成年後見の登記事項証明書の取得方法
ホームページで色々と記事を書き始めて2年位になりますが、一昔前と比べれば身近になったとはいえ、まだまだ成年後見という制度はそこまで認知されていないのかなと思います。司法書士の仲間内でも成年後見の業務を行っているのは、3分の1以下という感じです。さらに片手間ではなく、本腰を入れて業務を行っており、成年後見の実務に精通しているのはさらに低く10分の1位のような気がします(感覚値です)。実際問題、成年後見業務は我々司法書士の主力業務である「登記業務」に比べれば、全然儲からないので仕方ないのかなとも思います。儲からない割には、業務量が多く、最後は本人の死に立ち会うわけですから、なかなか参入しづらいという理由もあります。
全くの余談ですが、年に4、5件程度、ご家族の方から後見人となっている弁護士の先生と連絡がつかないので、○○について代わりに教えて下さいとか、弁護士の先生はお忙しくて聞けないので、代わりに○○について相談したいといった電話があります。当然ですが、詳細が分からないままいい加減な助言はできませんので、すべてお断りしています。また、基本的に当事務所はこれから成年後見制度を利用しようとしている方へのサービスを行っていますので、ご理解のほど宜しくお願いします。
さて、皆さんが成年後見人として申立を行った家庭裁判所から選任の通知書が郵送されてきたら、まず行わなくてはならないのが、法務局で「後見登記事項証明書」の取得です。法務局?後見登記事項証明書?という感じですよね。
後見登記事項証明書とは、被後見人等の住所・氏名・生年月日・本籍、後見人等の住所・氏名が記載された後見人であることを証明するための書類です。このほか、保佐や補助の場合には、代理権目録・同意権目録も記載されています。法務局というと、不動産の登記簿を取る所というイメージがあるかと思いますが、法務局の内に後見登録課という部署があり、そこで発行してもらうことができます。

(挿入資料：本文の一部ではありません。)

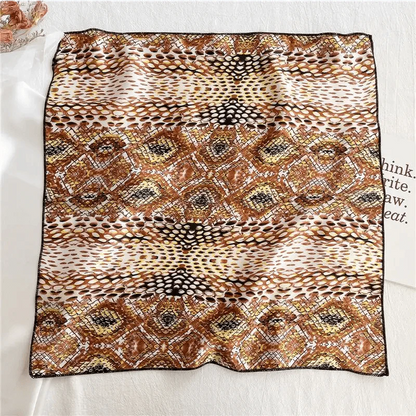 Versatile Square Silk Scarf For Women Fashionable Printed Small Neck Scarfs Office Lady Hair Band Foulard Hand For Female Bandana Shawl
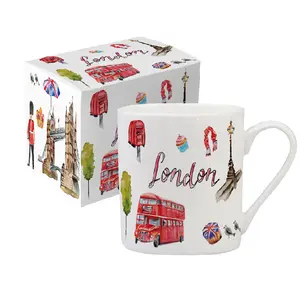 Custom London Present England Souvenir Fine Bone China Tea Coffee Mug With Gift Box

「後見登記事項証明書」で検索すると法務局のサイトが一番上に出てきます。
http://houmukyoku.moj.go.jp/tokyo/static/i_no_01.html
ここから申請書をダウンロードすることができます。法務局に行く前に自宅で記入したほうが楽だと思います。各都道府県に法務局の本局があります。本局のほかに各地に支局・出張所があります。注意して頂きたいのが本局でしか発行してもらえませんので、近くだからといって支局・出張所に行ってしまわないようにしましょう。各都道府県にある本局まで遠いということもあるかと思います。場所にもよりますが、1時間、2時間かけて取得しに行くというところもあるかと思います。
なお、開庁時間は平日8:30~17:15で、待ち時間は10分~15分程度です。ただし、東京法務局の場合、時間帯によっては20,30分かかることもありますので、時間は余裕をもっておきましょう。
次に、郵送による後見登記事項証明書の取得について書いていきます。郵送による場合、「東京法務局後見登録課」のみ取り扱っていますので、北海道の方も東京法務局へ郵送して下さい。通常ですと、後見登記事項証明書が返送されるまで、7~10日程度かかります。急ぐ場合には、速達で郵送しましょう。気をつけることは、申請書に550円分の印紙を貼ること、返信用封筒の同封を忘れないこと、また返信用封筒に宛名の記載・切手を貼ることを忘れずに行って下さい。
なお、誰でも後見登記事項証明書を取得できるわけではありません。取得申請する人が後見人等であるかどうか確認する必要があるため、免許証・保険証等の本人確認書類のコピーを同封することも忘れずにしてください。
郵送請求で分からないことがあれば、東京法務局の後見登録課へ電話して聞くとよいでしょう。
(03)5213-1360
なお、後見登記事項証明書には法律上有効期限というものはありませんが、金融機関、證券会社、保険会社ではそれぞれ内部規定により発行から3か月以内とか6か月以内といった有効期限を設定しているところが多いです。金融機関等に提出する場合には、事前に有効期限を確認するとよいでしょう。